Le Liban, un blueprint du monde. Warren Singh-Bartlett emprunte un cheminement différent des «étrangers» qui écrivent sur le Liban, abordant généralement la politique et la guerre, et se concentrant sur les 40 dernières années. «Je vis dans un pays dont le nom, du moins, existe depuis des milliers d’années, traversé par tellement de gens, de cultures, d’empires différents. La diversité de son histoire, de son emplacement, explique la diversité du pays. Tout cela, c’est le Liban. Je crois que ce pays mérite d’être mieux compris». C’est ce que le livre tente de faire, en montrant une autre vision, qui n’est pas seulement associée aux événements tragiques. Certes, ajoute-t-il, il y a par exemple l’explication politique des Phéniciens, mais il y aussi toute cette culture qui était là, mais qui est écrasée par l’ombre de la récupération politique. «En tant que Libanais, vous pouvez être ce que vous voulez. Je comprends que ça puisse poser un problème pour le Liban, mais pour moi c’est libératoire de pouvoir être multiple».

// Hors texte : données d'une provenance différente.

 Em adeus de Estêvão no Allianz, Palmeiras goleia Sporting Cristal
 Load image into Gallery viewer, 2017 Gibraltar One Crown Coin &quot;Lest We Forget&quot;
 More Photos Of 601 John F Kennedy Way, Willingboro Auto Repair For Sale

Citant une amie espagnole qui a longtemps vécu dans le pays, il affirme que «le Liban est le blueprint du monde», «un parfait microcosme, tradition et modernité, islam et chrétienté, est et ouest, qui sont dans une perpétuelle lutte. Les problèmes qui en résultent sont ceux auxquels on fait face en Europe, en Amérique, au Moyen-Orient. Mais les belles choses qui en découlent sont celles qui permettent d’apprendre. Si vous arrivez à le faire ici, vous pourrez enseigner au monde entier. Parce qu’ici, vivre avec quelqu’un qui a une vision différente n’est pas un jeu intellectuel, c’est essentiel, c’est quotidien». Pour illustrer son propos, Warren Singh-Bartlett évoque un simple exemple puisé à Tripoli. Dans une église grecque-catholique, un balcon est réservé à la communauté musulmane de la ville pour qu’elle puisse assister à la cérémonie des fêtes de Pâques. Loin de minimiser l’aspect négatif de ces «limites floues» ou les moments de lutte qui jalonnent l’histoire du Liban, «nombreux certes, mais si on regarde sa longue histoire, ajoute-t-il, ils sont passagers. Les gens retrouvent leur rationalité, refusent d’être manipulés par les politiques et reviennent à ce qu’ils savent faire: vivre ensemble, sans trop y penser». Ce qui définit une personne, un pays, c’est l’histoire qu’il raconte.